Work to be completed:
Copy nothing but the line with "H1-KEY เดินหน้าปล่อยทีเซอร์จ่อเดบิวต์ ค่ายแม่ยุบ" and the lines that follow it to the end of the entries below, and keep the pictures out.

Data to process section start

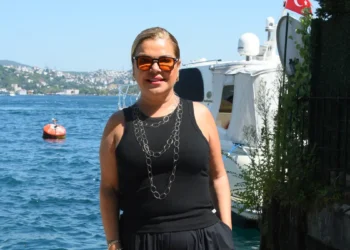 Elif Karlı’dan yeni şarkı: Tel Maşa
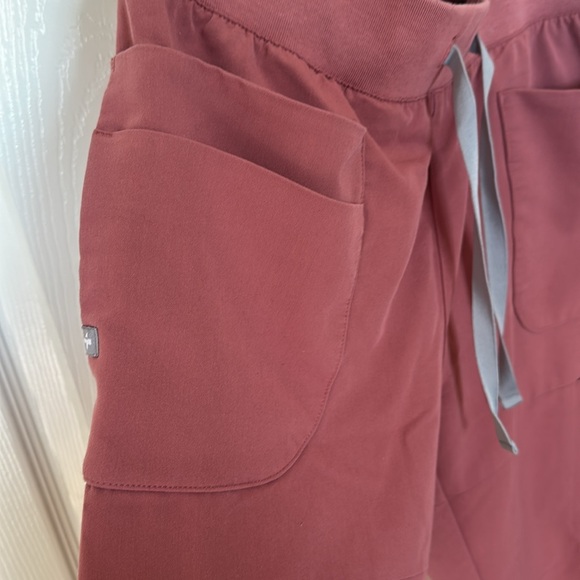 Figs Mauve Jogger scrubs - Picture 7 of 8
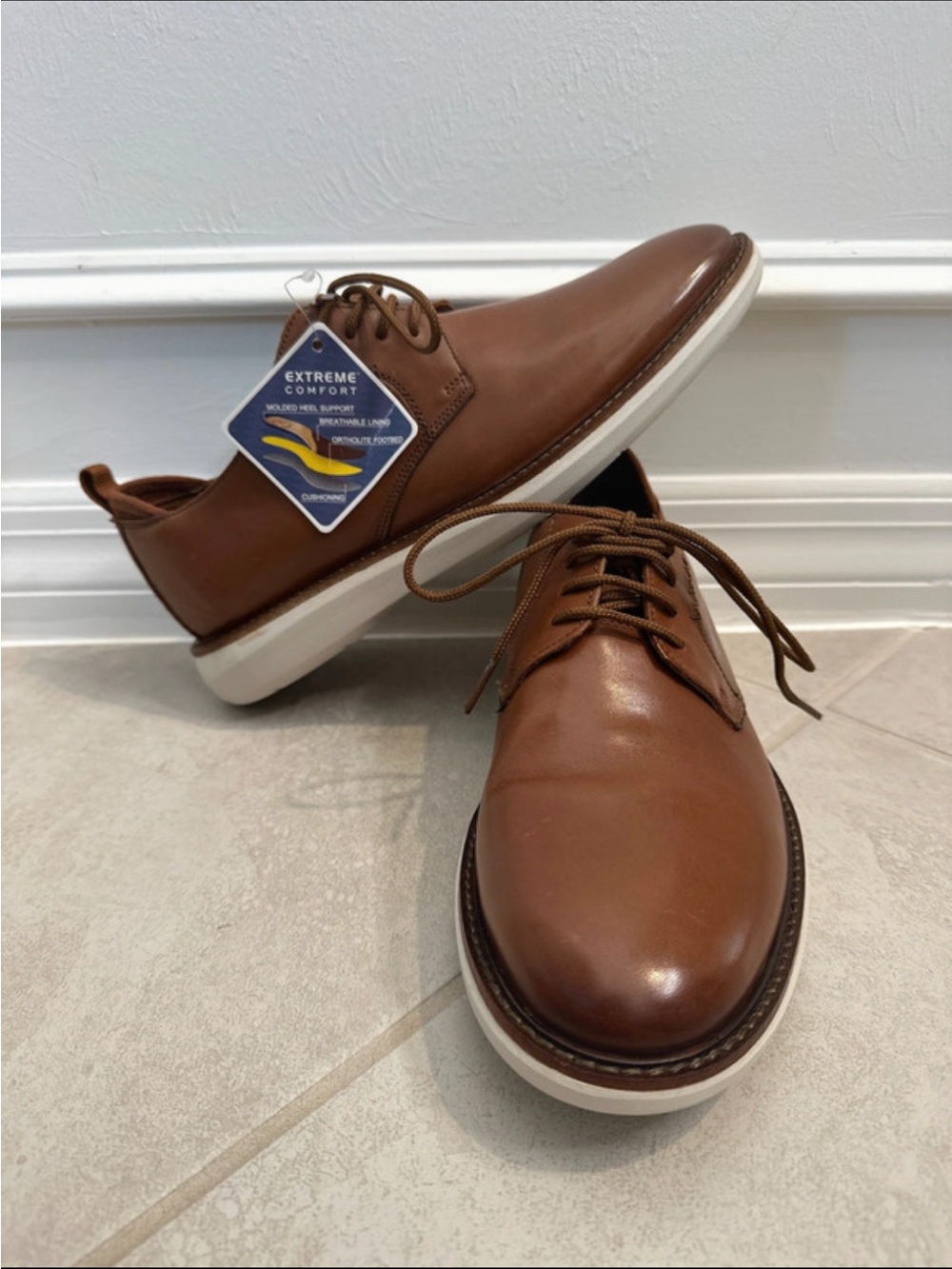 Clarks brown hybrid dress shoe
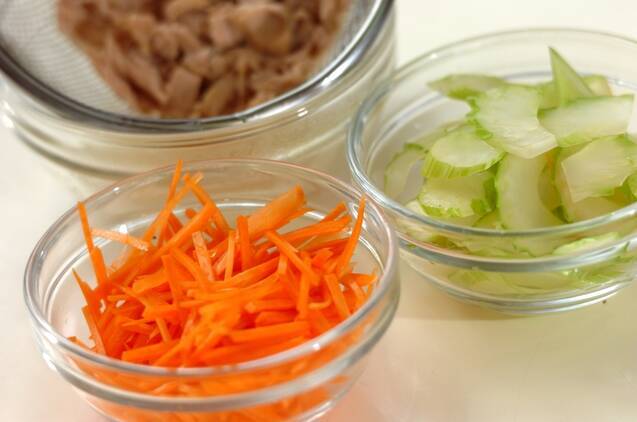 ツナとセロリのカレーマヨサラダの作り方の手順1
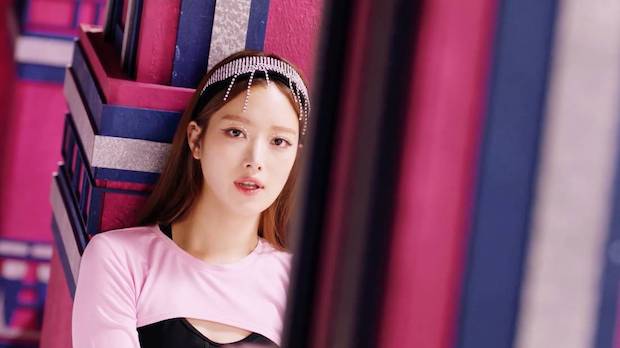 ค่ายแม่ยุบ เราไม่ยุบ?!! ลูกหนัง ศีตลา และวง H1-KEY เดินหน้าปล่อยทีเซอร์จ่อเดบิวต์ ค่ายแม่ยุบ เราไม่ยุบ?!! ลูกหนัง ศีตลา และวง H1-KEY เดินหน้าปล่อยทีเซอร์จ่อเดบิวต์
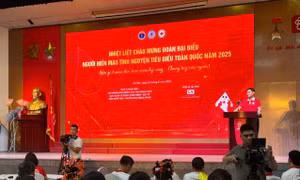 Tôn vinh 100 người hiến máu tiêu biểu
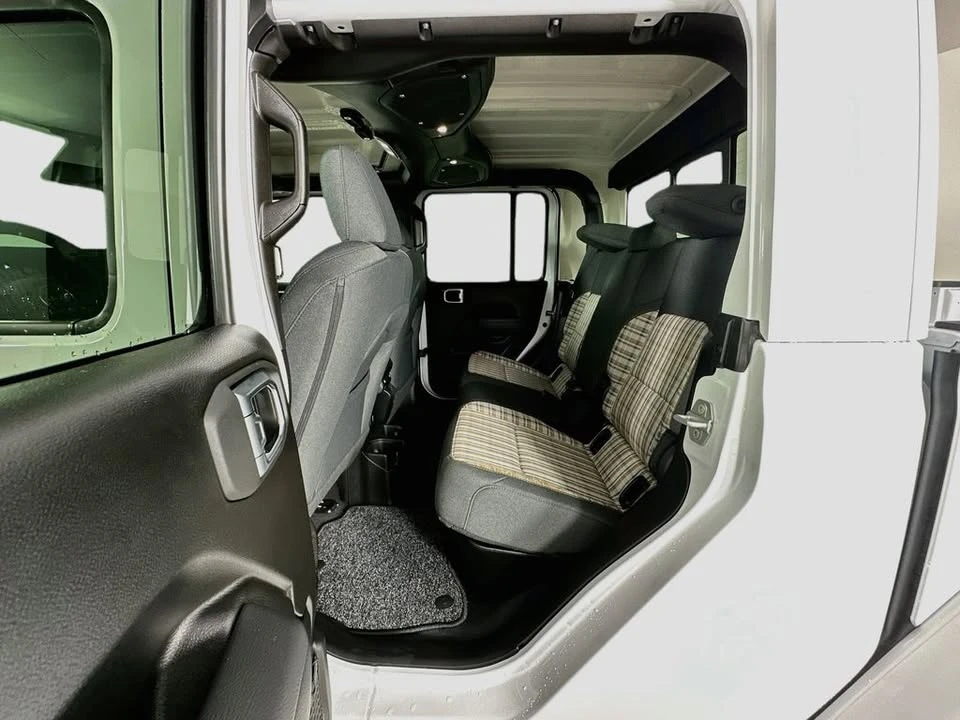2026 Jeep JT Gladiator - Image 16 of 20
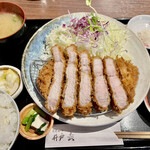 Tonkatsu Idomatsu - きなこ豚ロースカツ定食200g 1800円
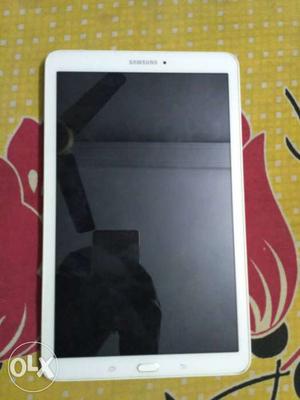 It's samsung tab e. In good condition. 12 months order.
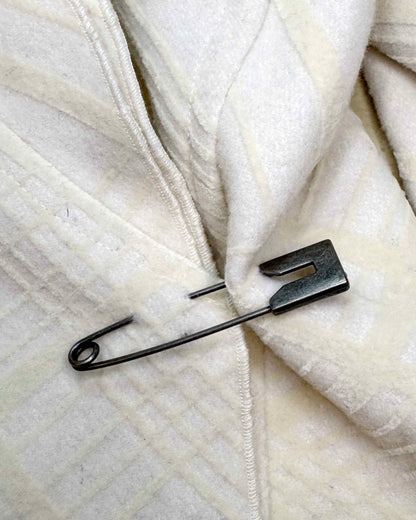 Ljós pilsdragt / Ivory skirtsuit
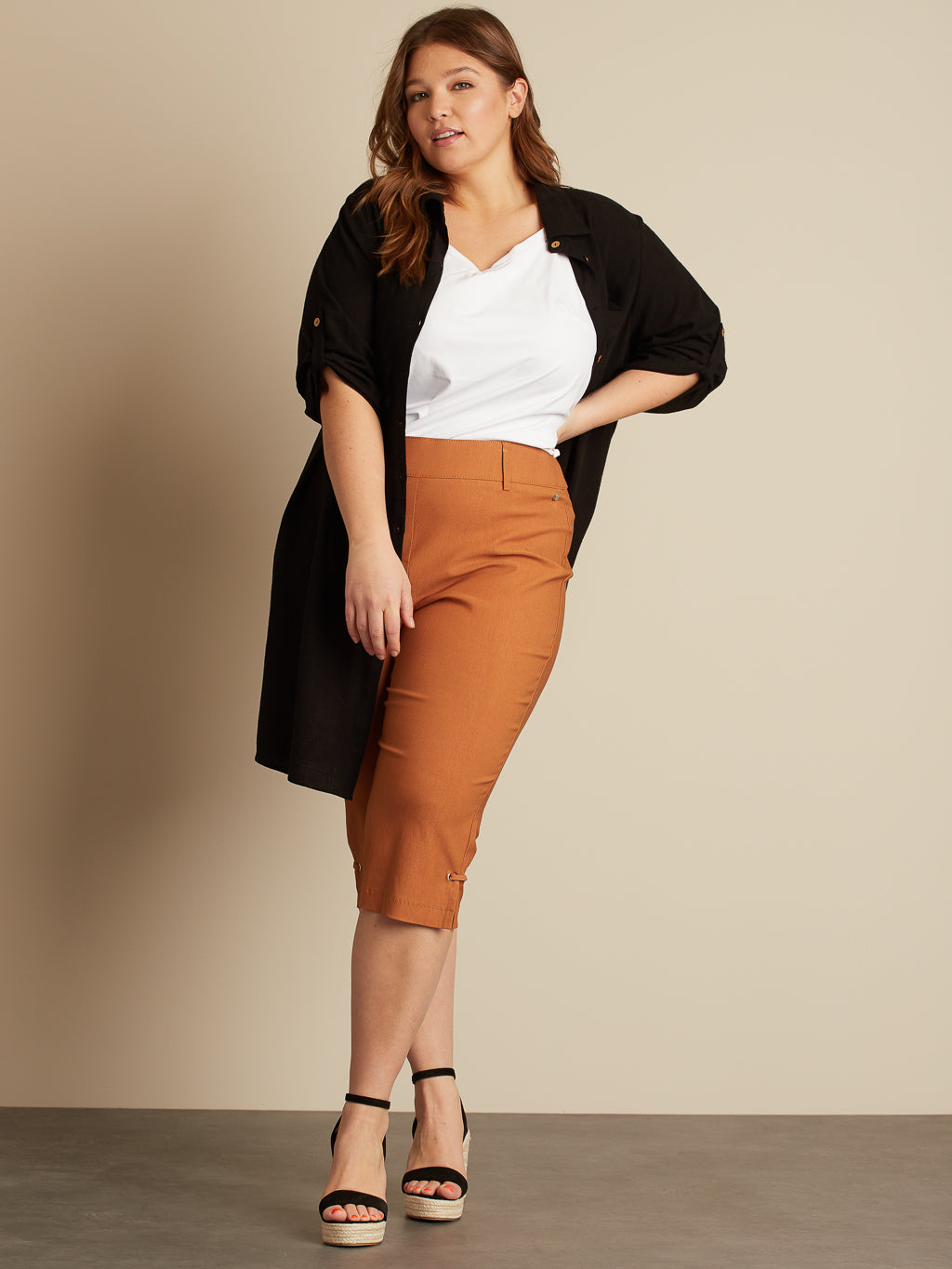 3/4-sleeve semi-fitted tunic with buttons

Data to process section end

Task output:
 ค่ายแม่ยุบ เราไม่ยุบ?!! ลูกหนัง ศีตลา และวง H1-KEY เดินหน้าปล่อยทีเซอร์จ่อเดบิวต์ ค่ายแม่ยุบ เราไม่ยุบ?!! ลูกหนัง ศีตลา และวง H1-KEY เดินหน้าปล่อยทีเซอร์จ่อเดบิวต์
 Tôn vinh 100 người hiến máu tiêu biểu
2026 Jeep JT Gladiator - Image 16 of 20
 Tonkatsu Idomatsu - きなこ豚ロースカツ定食200g 1800円
 It's samsung tab e. In good condition. 12 months order.
 Ljós pilsdragt / Ivory skirtsuit
 3/4-sleeve semi-fitted tunic with buttons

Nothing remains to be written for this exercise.